Purtroppo, al pane “mah” si risponde troppo spesso con un “boh” che cela una disinformazione assai profonda.

Panedieri ha stabilito alcuni punti fermi sulla qualità del pane: i Princìpi di Panedieri.


IL PANE BUONO NON È QUELLO DI OGGI

Il pane buono si scopre dopo almeno 24 ore dall’uscita dal forno (non deve essere duro, deve avere tutti i profumi del cereale e del lievito naturale a pasta acida, deve avere la mollica elastica).


IL PANE BUONO VIENE DA CEREALI BUONI

Deve provenire da buoni cereali coltivati sensatamente, raccolti ed immagazzinati rigorosamente.


LA FARINA È L’ESSENZA DEL PANE

Le farine (o gli sfarinati) devono essere realizzate in impianti a basso impatto meccanico.


IL LIEVITO FA LA DIFFERENZA

Il lievito deve essere realizzato col procedimento naturale a pasta acida.


ARTISTI NON MISCELATORI

Arte e maestria artigiana (il know-how, si direbbe in altri ambienti) fanno il pane, con la giusta lentezza: il pane buono va piano.


FORMA E SOSTANZA

Le forma è sostanza, anche nel pane: le pezzature più grandi sono migliori delle piccole. Una pagnotta da kg. 2 è tecnicamente ed organoletticamente migliore di una da kg. 0,5: lievita, cuoce meglio e si raffredda meglio. E si conserva più a lungo.


IL BUONO E BEN FATTO VA ONORATO

Rispettare il pane fin dall’inizio, quando si acquista: la logica del “costa meno” è a volte apparentemente ragionevole. A monte di un prodotto alimentare c’è sempre l’agricoltura che non è una macchina a moto perpetuo né un mulino bianco spensierato.
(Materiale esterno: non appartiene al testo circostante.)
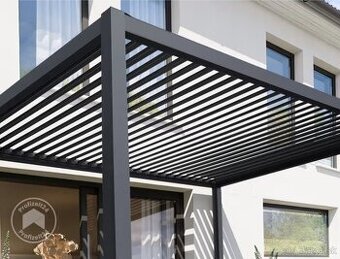 Hliníková pergola 3×4m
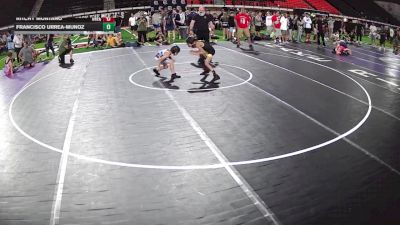 58-63 lbs Champ. Round 1 - Ritchy Montano, Oregon vs Francisco Urrea-munoz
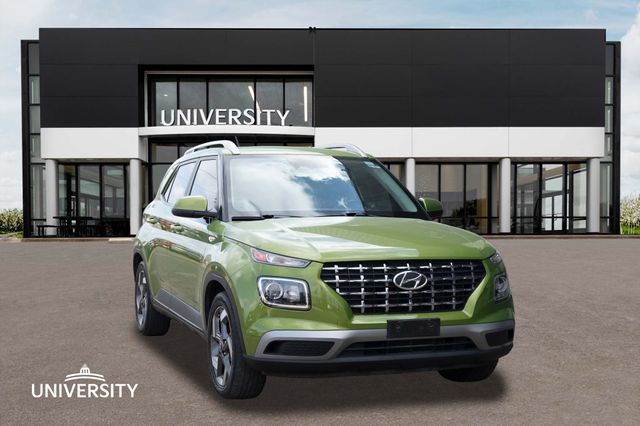 Green Apple 2023 Hyundai Venue SEL FWD SUV / Crossover Front-Wheel Drive Continuously Variable Transmission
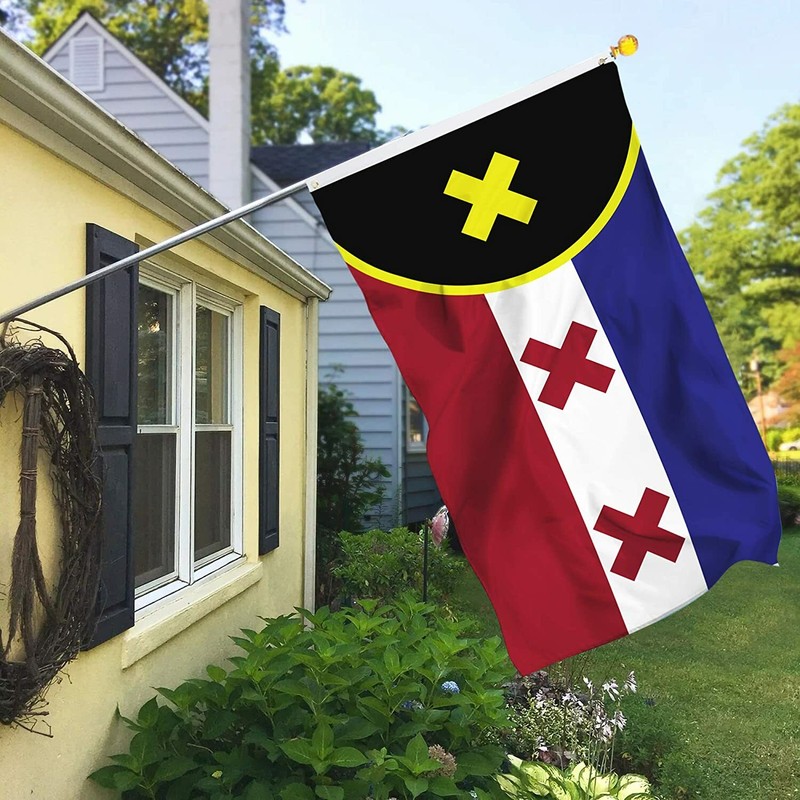 Double Sided UV Fade Resistant Flying Banner Lmanburg Flag L'manburg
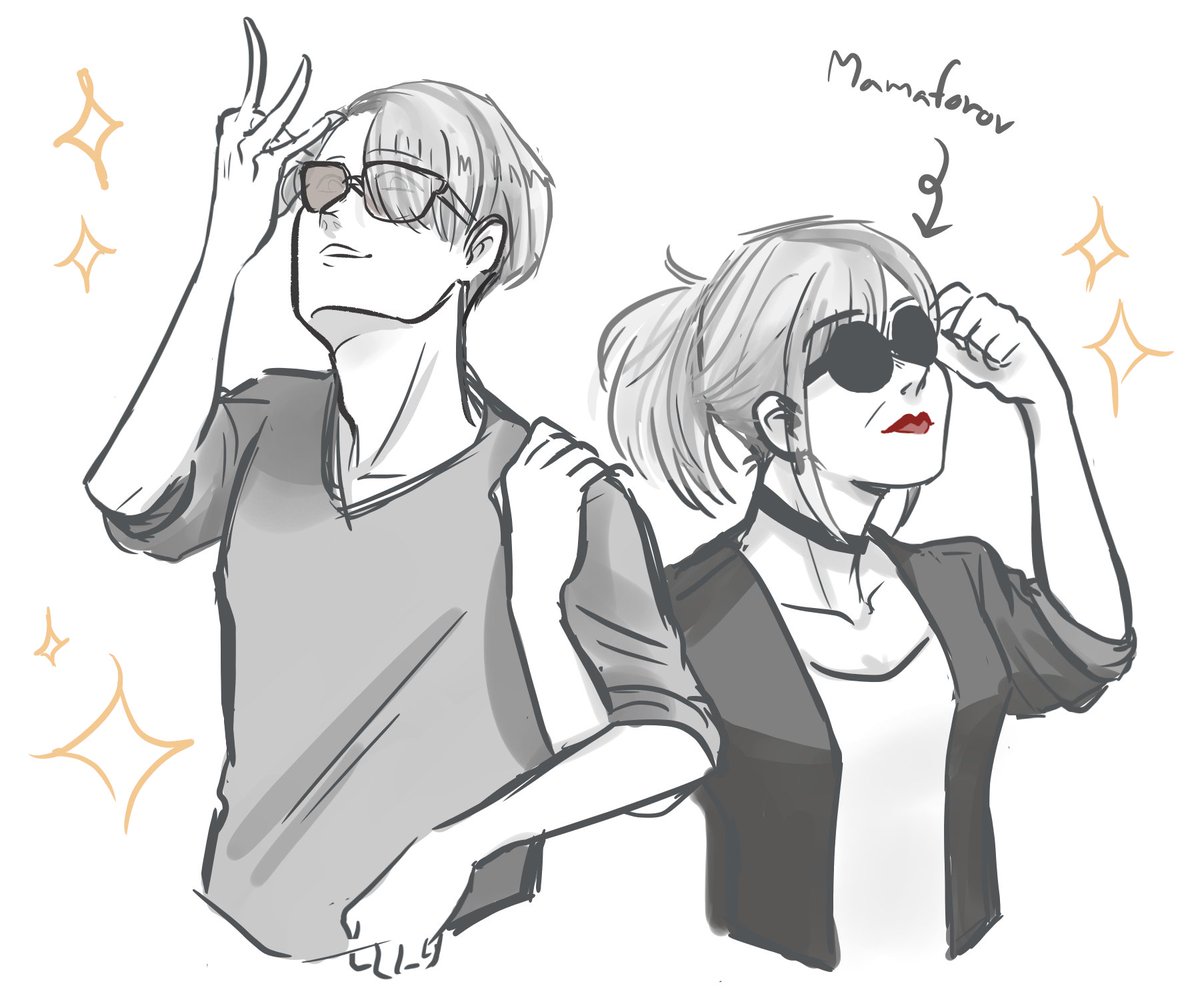 Y’all out there with Victor’s tragic past/uncaring family meta and I’m here with my headcanon like:
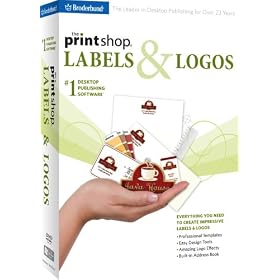 The Print Shop: Labels and Logos 2009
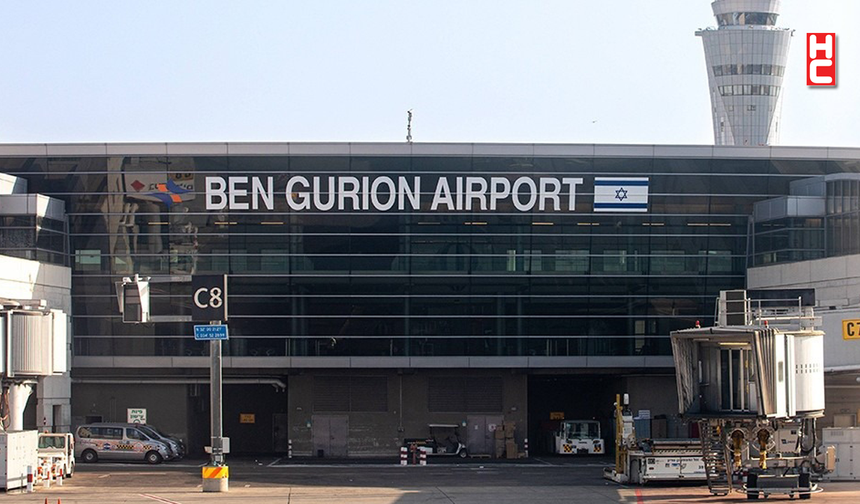 Tel Aviv’deki havalimanında uçuşlar 'askıya' alındı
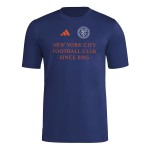 Camiseta Hook AEROREADY Tercera Hombre New York City FC 2025 - Azul Marino Camiseta Hook AEROREADY Tercera Hombre New York City FC 2025 - Azul Marino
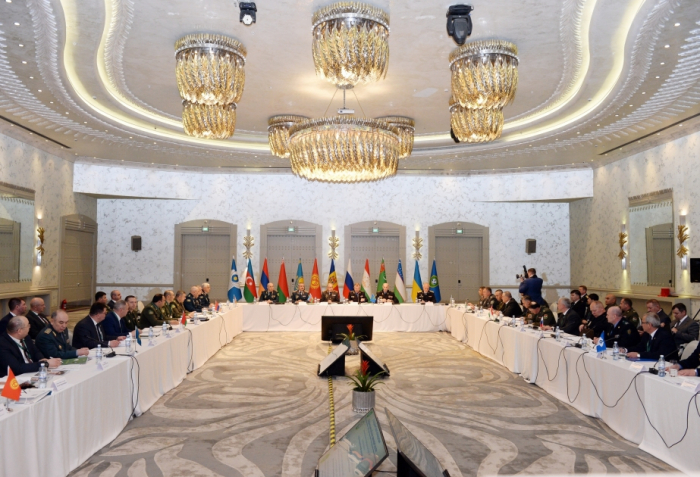   Baku hosts 86th meeting of CIS Council of Border Troops Commanders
Tutt’altro.


CONSERVARE E PREMIARE

Conservare, l’ultimo anello di una catena di virtuosismi. Acquistare il necessario e conservarlo ragionevolmente.

Il pane ben fatto si conserva per almeno una settimana, avendo cura di riporlo in sacchetti di carta o ricoperti con un canovaccio pulito. Mai conservare il pane in buste di plastica (se non, affettato, nel freezer).